Pour pénétrer le mystère pascal, trois jours, trois gestes, trois silences… et une seule lumière nous sont donnés. Du Jeudi saint au matin de Pâques, le Christ nous conduit pas à pas : il se donne, il se tait, il descend dans nos nuits, puis il se relève pour nous relever. Prenons un instant pour laisser ce mouvement nous rejoindre, pour laisser ces jours saints descendre en nous comme une parole douce et forte. Entrons dans ces jours comme on entre dans un jardin encore obscur, où l’aube commence à naître.
Le Jeudi saint, Jésus se penche, il se fait serviteur. Il lave les pieds de ses disciples, il partage le pain, il donne son corps et son sang. Dans ce geste simple et bouleversant, il nous révèle que l’amour véritable commence toujours par un abaissement. Il se donne pour que nous apprenions à nous donner. Il se fait nourriture pour que nous ne manquions jamais de sa présence. Déjà, dans ce repas, la lumière de Pâques commence à poindre.
Puis vient le Vendredi saint. Le bruit des accusations, la violence, les cris… et soudain, le silence. Le silence de la croix. Un silence qui n’est pas vide, mais rempli d’un amour qui va jusqu’au bout. Jésus ne répond pas à la haine ; il la porte. Il ne se défend pas ; il se remet entre les mains du Père. Ce silence-là rejoint nos propres silences : ceux de la souffrance, de la fatigue, de l’incompréhension. Dans ce silence, Dieu descend jusqu’à nous.

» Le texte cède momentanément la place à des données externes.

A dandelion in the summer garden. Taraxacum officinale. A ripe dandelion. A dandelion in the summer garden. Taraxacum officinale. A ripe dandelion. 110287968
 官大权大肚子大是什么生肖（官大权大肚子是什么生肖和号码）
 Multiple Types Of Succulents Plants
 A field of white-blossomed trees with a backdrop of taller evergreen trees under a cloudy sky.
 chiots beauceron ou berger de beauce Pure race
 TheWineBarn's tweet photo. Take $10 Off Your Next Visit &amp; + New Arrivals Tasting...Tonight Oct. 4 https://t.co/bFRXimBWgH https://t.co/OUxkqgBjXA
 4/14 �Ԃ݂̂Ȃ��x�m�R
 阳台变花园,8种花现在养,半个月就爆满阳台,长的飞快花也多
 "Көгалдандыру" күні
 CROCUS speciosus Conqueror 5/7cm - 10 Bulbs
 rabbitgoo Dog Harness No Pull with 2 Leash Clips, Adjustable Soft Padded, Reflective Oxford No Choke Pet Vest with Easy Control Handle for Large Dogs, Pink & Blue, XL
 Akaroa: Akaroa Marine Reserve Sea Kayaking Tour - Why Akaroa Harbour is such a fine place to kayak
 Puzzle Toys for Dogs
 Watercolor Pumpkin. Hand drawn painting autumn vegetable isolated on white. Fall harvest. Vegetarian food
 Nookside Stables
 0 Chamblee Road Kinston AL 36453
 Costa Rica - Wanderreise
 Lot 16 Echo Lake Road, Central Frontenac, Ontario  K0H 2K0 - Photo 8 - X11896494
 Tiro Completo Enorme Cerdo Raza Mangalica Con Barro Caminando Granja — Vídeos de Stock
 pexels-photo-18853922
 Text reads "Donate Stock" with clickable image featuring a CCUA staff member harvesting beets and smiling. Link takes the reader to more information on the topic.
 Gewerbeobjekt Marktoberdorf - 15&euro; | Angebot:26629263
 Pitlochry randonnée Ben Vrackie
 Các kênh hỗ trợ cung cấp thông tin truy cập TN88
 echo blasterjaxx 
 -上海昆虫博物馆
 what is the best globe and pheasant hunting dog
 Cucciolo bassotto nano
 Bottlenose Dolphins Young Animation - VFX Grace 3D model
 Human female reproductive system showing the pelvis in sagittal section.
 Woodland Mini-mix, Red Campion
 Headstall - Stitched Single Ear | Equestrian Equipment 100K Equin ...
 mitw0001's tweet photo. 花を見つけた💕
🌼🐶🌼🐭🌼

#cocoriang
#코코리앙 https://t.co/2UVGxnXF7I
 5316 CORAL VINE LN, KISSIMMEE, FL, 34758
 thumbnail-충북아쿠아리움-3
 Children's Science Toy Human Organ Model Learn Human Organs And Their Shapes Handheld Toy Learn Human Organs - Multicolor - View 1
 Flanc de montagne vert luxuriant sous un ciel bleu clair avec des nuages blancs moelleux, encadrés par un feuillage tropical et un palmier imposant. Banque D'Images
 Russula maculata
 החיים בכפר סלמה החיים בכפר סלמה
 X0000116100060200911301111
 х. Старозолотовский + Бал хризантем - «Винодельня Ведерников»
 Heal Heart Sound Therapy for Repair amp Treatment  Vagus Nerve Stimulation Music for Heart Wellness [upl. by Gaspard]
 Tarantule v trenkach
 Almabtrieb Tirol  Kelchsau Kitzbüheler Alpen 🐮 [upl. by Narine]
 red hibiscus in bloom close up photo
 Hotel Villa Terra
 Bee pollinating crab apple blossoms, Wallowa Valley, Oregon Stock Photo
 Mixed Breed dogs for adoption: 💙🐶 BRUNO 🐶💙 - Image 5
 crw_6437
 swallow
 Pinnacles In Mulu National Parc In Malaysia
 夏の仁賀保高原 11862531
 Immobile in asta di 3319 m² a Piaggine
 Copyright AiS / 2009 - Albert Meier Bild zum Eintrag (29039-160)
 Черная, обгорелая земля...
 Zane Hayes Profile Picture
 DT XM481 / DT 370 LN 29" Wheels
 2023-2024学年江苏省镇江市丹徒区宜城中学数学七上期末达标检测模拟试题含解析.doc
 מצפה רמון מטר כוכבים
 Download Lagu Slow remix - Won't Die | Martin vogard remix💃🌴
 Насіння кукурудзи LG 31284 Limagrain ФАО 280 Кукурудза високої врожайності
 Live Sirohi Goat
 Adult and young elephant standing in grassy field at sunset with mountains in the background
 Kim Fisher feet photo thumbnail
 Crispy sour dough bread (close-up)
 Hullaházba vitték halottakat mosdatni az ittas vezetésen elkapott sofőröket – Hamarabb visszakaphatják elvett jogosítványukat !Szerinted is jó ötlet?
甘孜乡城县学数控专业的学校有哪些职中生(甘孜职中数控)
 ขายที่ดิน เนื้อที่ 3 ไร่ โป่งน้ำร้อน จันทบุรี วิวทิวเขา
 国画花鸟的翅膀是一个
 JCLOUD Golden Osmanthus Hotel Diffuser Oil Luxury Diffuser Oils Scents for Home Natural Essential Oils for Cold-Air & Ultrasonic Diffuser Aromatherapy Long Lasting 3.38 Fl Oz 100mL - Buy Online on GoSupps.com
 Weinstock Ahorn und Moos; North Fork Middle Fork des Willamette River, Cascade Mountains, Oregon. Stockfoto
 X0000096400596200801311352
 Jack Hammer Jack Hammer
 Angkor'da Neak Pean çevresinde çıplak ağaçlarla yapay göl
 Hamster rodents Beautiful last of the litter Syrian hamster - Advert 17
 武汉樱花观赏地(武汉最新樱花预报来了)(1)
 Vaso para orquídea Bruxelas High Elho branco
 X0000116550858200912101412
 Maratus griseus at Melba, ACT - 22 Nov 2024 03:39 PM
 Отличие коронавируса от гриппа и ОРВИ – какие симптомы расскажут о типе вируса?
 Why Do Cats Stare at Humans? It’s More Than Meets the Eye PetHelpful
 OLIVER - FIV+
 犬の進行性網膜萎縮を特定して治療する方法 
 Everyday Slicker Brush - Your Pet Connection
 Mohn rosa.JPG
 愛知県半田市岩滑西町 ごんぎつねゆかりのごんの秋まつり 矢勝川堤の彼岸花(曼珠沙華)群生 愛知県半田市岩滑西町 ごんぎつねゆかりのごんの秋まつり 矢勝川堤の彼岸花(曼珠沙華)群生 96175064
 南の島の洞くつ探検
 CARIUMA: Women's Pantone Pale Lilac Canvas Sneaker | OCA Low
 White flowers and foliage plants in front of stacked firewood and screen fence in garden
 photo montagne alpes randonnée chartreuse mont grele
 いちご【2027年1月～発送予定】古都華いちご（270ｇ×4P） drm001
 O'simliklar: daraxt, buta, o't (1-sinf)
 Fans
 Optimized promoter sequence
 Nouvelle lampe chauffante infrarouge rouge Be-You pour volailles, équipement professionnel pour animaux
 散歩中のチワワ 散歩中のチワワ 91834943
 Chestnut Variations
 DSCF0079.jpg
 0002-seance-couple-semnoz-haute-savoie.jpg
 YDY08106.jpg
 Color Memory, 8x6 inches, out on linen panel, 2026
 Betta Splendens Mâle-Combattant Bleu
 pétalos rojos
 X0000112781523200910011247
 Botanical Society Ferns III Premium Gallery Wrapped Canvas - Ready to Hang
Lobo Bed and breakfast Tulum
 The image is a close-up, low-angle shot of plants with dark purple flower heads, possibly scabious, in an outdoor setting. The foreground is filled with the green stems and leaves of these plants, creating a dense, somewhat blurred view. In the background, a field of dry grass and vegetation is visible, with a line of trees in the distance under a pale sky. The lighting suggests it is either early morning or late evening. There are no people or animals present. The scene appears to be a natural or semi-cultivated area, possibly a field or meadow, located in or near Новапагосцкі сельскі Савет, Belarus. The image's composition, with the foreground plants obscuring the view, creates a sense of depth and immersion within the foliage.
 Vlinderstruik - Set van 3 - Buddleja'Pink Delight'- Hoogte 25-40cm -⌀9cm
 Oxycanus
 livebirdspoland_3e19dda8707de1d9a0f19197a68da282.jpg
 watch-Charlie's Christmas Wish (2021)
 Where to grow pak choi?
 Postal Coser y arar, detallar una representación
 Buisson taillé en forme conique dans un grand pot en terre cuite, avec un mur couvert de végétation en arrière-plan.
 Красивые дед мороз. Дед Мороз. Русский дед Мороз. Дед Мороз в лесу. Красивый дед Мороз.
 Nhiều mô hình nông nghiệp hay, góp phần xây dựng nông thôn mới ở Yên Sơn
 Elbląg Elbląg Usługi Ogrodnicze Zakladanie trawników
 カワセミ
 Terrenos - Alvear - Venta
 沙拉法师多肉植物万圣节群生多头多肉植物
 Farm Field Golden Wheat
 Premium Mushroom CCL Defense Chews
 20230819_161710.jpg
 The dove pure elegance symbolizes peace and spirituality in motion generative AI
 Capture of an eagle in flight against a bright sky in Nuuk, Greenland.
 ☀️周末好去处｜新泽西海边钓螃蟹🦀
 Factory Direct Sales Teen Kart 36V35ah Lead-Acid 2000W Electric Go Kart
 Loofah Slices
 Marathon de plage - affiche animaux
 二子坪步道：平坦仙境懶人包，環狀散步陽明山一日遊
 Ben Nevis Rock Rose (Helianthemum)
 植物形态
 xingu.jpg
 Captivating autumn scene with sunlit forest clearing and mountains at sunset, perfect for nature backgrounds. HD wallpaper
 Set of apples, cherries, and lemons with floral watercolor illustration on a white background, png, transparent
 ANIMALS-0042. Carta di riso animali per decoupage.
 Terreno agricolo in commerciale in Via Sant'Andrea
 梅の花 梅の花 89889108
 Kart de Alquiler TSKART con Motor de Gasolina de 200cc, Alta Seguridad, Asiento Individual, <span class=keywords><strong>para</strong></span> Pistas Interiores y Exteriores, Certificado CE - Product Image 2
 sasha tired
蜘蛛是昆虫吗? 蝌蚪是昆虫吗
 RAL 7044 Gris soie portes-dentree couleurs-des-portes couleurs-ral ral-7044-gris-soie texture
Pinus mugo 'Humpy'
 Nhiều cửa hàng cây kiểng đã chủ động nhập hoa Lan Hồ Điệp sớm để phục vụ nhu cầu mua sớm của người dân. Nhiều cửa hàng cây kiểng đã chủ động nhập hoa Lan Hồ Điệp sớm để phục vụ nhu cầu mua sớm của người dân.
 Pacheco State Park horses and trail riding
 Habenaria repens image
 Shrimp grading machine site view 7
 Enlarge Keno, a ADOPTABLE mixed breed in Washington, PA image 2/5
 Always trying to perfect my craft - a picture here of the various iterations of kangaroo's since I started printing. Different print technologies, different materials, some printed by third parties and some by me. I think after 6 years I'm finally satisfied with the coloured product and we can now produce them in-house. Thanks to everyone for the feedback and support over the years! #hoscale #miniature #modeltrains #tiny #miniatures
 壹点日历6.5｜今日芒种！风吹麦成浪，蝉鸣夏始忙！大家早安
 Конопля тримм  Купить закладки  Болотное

Dans ce silence, il nous rejoint là où nous pensions être seuls.
Le Samedi saint est le jour de l’attente. Rien ne bouge, tout semble fini. Mais c’est dans cette immobilité que Dieu travaille. Comme une graine enfouie en terre, la vie germe en secret. Le monde ne voit rien, mais déjà la lumière approche. Le Samedi saint nous apprend à ne pas forcer la lumière, mais à l’attendre. À laisser Dieu agir dans nos nuits.
Et puis vient le matin de Pâques. La pierre est roulée. Le tombeau est vide. La vie a jailli là où tout semblait perdu. Jésus est vivant. Il se relève pour nous relever. Il sort de la nuit pour éclairer nos nuits. Il ouvre un chemin que rien ne pourra refermer.
Du Jeudi saint à Pâques, nous découvrons un Dieu qui se donne, un Dieu qui se tait, un Dieu qui attend, un Dieu qui ressuscite. Un Dieu qui ne cesse de nous rejoindre pour nous conduire à la vie. Entrons dans cette lumière, laissons-nous toucher, et accueillons la paix du Ressuscité.